Habla nuestro presidente autonómico de prosperidad, de futuro, de modernidad y de desarrollo -entrelazando esos vocablos con la Constitución del 78 que nos permitió a los hispanos de la Sefarad hebrea vivir, como unos más, en el concierto de los pueblos que ordenan su convivencia mediante principios democráticos-, y no anda Camps falto de razones: es evidente que el bienestar económico del que disfrutamos, en general, los hispanos peninsulares, y por tanto también los valencianos, no es comparable al que se tenía o se sufría hace un cuarto de siglo. La Constitución se alumbró no sólo durante lo que ha venido en llamarse transición hacia la democracia, sino también durante una crisis económica que originó el petróleo a mediados de los setenta; una crisis económica de la que se salió gracias a, entre otros factores, los llamados Acuerdos de La Moncloa. Si por modernidad entendemos nuevas carreteras, nuevos sistemas de riego o nuevos medios para combatir los incendios forestales,. no cabe duda alguna: el último cuarto de siglo nos trajo modernidad a espuertas, incluida en dicha modernidad determinadas programaciones de la televisión autonómica donde la banalidad sustituye al malgusto o viceversa, y la una y el otro se aliñan con el exabrupto soez; todo ello maltratando a la lengua de Cervantes, que de la otra se olvidan y, cuando la recuerdan, también la maltratan. Y sobre lo dicho, háganse cuantas excepciones se quieran en este o aquel espacio deportivo de los medios de comunicación autonómicos, o en este o aquel programa puntual, digno y ameno de Punt 2. Las excepciones, dicen los viejos, siempre confirman la regla, y la modernidad, según en qué aspectos paremos mientes, puede suponer un retroceso cavernícola.

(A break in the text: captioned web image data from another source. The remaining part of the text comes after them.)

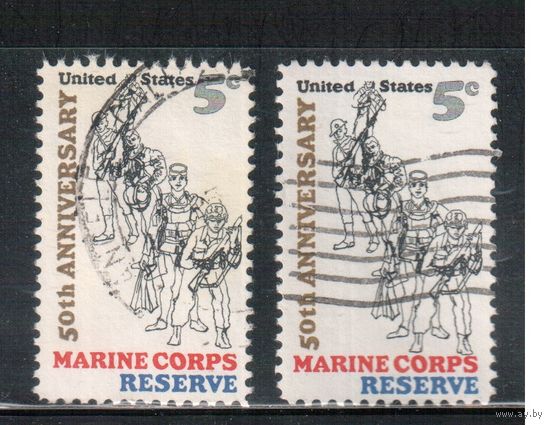США-1966, (Мих. 906 х+у) , гаш. , Военно-морские силы (одиночка), 2 типа бумаги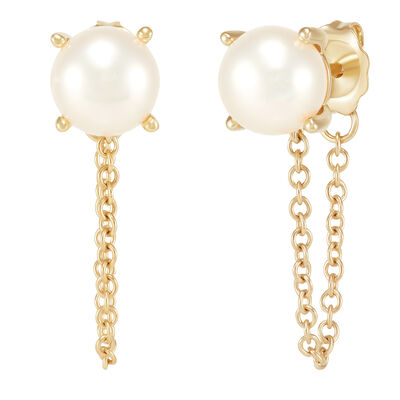 White Freshwater Pearl Stud Earrings with Chain in 10K Yellow Gold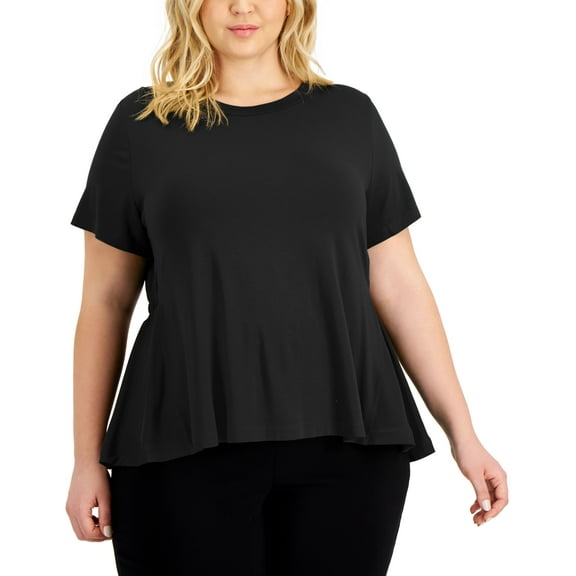 Alfani Plus Size Solid Elastic Back Mixed Media Top Deep Black 4X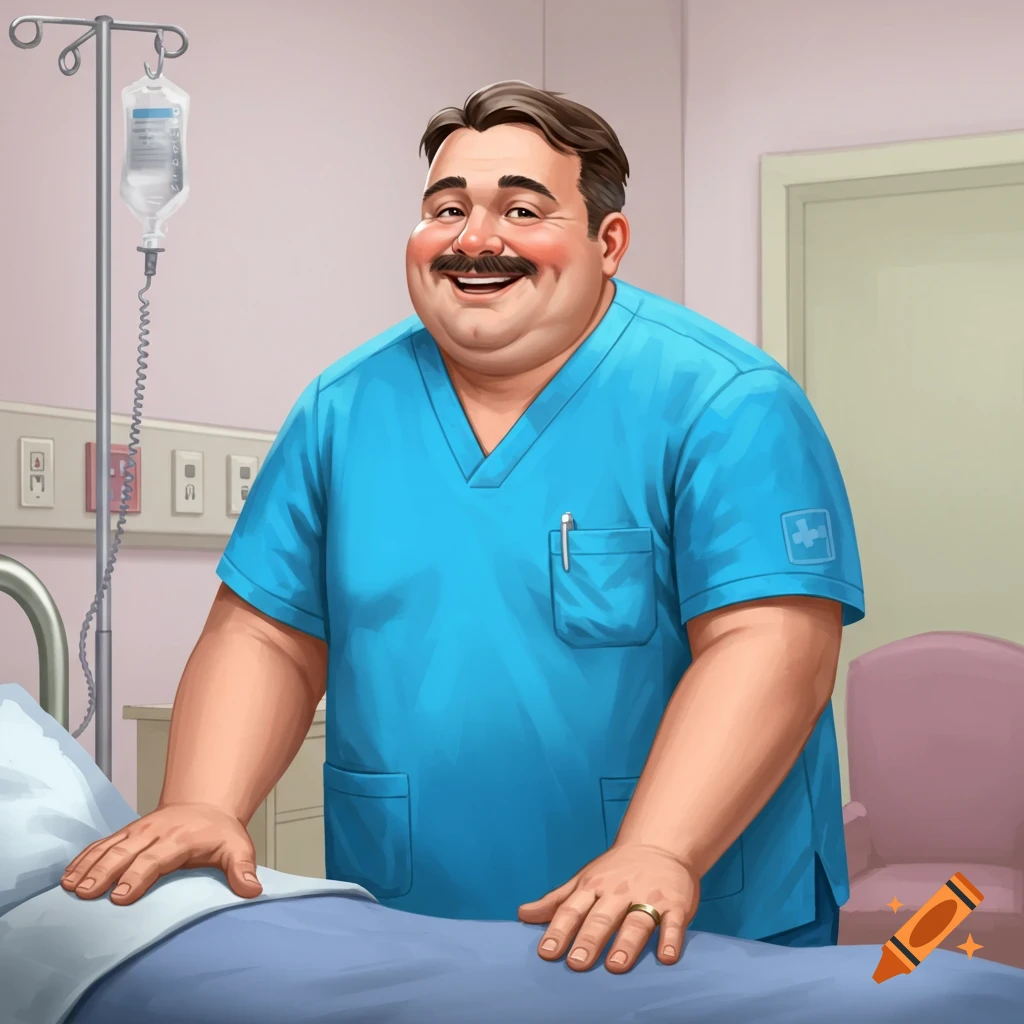 A smiling male nurse in blue scrubs stands next to a hospital bed, an IV drip visible in the background, in a cartoon style.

Como retroceso cavernícola puede parecernos en la Sefarad hebrea, de la que también forman parte las tierras valencianas, el desarrollismo a ultranza que lleva a la desaparición de nuestros humedales, o que daña y deteriora nuestros espacios naturales protegidos. Ahí está esa carretera de Cabanes a Oropesa que afecta al paraje del Desert de Les Palmes y su entorno; o la mancha verde y mediterránea del monte del Mollet en la cercana población de Vilafamés, asaltada por la extracción de arcillas; o los acantilados costeros entre Oropesa y Benicàssim, ayer devorados por el fuego y hoy asediados por el cemento y la especulación urbanística. Queda todavía mucha Constitución por hacer en el ámbito del medio ambiente y la conservación de un entorno natural y valenciano, sobre cuyo destino no pueden decidir únicamente los intereses privados. Y poco, nuy poco, aparece en la Constitución del 78, que algún día se deberá mejorar, sobre los derechos colectivos de la generaciones actuales y futuras en orden a la conservación de su entorno natural. Hay que acudir al Título VII que gira en torno a la Economía para leer que "toda la riqueza del país en sus distintas formas y sea cual fuere su titularidad está subordinada al interés general". Pero lograr el equilibrio entre un desarrollo sostenible y la protección del territorio, es futuro; un futuro que no sabemos si es coincidente o no con el futuro al que se refiere Camps. Porque a uno, las celebraciones constitucionales y las palabras del presidente le remiten unas veces a la vicisitudes cotidianas, y otras a la Sefarad hebrea, la patria plural de los pueblos hispanos. Para ella, el civismo del poeta Salvador Espriu, deseaba una lluvia suave que sazona la tierra, y puentes de diálogo entre sus gentes.